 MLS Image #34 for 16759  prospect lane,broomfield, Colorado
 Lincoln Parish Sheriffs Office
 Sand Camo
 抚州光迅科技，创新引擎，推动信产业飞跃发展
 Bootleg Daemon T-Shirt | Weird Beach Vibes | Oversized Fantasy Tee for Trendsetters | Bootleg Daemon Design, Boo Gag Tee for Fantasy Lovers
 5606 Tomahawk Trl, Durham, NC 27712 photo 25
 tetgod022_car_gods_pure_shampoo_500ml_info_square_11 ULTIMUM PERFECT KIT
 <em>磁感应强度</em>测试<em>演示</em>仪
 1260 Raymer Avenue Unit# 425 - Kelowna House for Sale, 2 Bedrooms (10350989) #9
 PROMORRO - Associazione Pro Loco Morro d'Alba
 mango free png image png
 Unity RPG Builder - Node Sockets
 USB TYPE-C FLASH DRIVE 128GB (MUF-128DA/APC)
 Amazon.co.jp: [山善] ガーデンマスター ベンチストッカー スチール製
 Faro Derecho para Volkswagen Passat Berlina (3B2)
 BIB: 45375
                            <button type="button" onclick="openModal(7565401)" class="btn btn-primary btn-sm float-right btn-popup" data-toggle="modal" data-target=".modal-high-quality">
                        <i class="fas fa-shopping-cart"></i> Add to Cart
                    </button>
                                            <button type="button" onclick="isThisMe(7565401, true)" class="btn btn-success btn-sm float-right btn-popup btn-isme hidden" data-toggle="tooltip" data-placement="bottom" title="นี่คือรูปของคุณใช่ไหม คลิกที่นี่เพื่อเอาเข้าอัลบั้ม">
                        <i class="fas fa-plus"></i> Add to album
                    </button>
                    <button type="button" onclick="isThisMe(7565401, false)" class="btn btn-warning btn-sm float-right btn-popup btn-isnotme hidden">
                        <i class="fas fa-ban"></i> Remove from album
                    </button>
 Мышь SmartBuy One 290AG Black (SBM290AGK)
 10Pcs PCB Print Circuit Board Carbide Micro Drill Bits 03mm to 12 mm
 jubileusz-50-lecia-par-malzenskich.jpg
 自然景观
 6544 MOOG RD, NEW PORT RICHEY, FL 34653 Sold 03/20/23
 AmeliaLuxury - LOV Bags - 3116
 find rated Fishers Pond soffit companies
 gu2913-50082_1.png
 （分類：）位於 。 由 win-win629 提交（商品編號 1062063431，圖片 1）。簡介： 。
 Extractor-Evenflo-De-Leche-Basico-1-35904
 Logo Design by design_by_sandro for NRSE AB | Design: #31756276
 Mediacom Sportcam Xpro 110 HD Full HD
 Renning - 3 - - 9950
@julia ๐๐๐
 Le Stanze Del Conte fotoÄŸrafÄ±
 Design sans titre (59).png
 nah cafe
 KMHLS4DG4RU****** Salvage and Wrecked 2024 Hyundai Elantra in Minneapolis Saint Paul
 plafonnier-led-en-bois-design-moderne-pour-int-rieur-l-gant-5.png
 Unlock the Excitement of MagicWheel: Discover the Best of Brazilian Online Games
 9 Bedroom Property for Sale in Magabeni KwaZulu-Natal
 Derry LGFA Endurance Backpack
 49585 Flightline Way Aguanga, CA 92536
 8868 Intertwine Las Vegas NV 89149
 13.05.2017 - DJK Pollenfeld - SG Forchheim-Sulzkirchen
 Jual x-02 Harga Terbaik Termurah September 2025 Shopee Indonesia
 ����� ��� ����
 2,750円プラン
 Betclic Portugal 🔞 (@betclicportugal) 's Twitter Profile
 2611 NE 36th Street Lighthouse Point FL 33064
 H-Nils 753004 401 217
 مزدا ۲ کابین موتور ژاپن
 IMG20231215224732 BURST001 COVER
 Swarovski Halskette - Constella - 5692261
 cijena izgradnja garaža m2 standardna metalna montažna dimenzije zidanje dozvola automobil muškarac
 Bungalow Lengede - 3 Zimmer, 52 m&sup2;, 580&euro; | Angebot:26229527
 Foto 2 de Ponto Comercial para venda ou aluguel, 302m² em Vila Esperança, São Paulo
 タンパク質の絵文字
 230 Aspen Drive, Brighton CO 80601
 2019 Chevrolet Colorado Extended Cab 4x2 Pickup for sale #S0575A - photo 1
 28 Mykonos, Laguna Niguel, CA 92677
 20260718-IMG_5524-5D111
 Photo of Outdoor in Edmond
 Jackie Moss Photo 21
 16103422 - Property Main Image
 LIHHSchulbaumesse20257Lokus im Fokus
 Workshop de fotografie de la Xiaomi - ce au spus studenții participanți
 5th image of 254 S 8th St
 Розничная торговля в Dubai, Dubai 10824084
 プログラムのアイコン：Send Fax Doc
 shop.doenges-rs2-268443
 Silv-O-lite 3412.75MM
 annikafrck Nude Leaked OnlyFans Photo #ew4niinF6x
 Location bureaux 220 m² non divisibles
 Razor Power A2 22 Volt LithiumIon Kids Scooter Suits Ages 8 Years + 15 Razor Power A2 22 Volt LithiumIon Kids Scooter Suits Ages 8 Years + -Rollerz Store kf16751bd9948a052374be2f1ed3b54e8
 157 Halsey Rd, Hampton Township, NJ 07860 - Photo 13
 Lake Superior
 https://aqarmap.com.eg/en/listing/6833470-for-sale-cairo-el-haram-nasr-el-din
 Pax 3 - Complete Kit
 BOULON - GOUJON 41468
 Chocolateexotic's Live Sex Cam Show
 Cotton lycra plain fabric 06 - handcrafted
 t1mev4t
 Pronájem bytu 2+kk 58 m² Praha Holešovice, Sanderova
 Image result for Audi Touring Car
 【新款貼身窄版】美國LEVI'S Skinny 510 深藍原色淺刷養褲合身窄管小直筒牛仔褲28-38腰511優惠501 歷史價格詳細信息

▶ What you need to do
Reproduce precisely, and with no line left out, each line from the top of the entries through the line that carries "<em>磁感应强度</em>测试<em>演示</em>仪".

▶ Response to the task
 MLS Image #34 for 16759  prospect lane,broomfield, Colorado
 Lincoln Parish Sheriffs Office
 Sand Camo
 抚州光迅科技，创新引擎，推动信产业飞跃发展
 Bootleg Daemon T-Shirt | Weird Beach Vibes | Oversized Fantasy Tee for Trendsetters | Bootleg Daemon Design, Boo Gag Tee for Fantasy Lovers
 5606 Tomahawk Trl, Durham, NC 27712 photo 25
 tetgod022_car_gods_pure_shampoo_500ml_info_square_11 ULTIMUM PERFECT KIT
 <em>磁感应强度</em>测试<em>演示</em>仪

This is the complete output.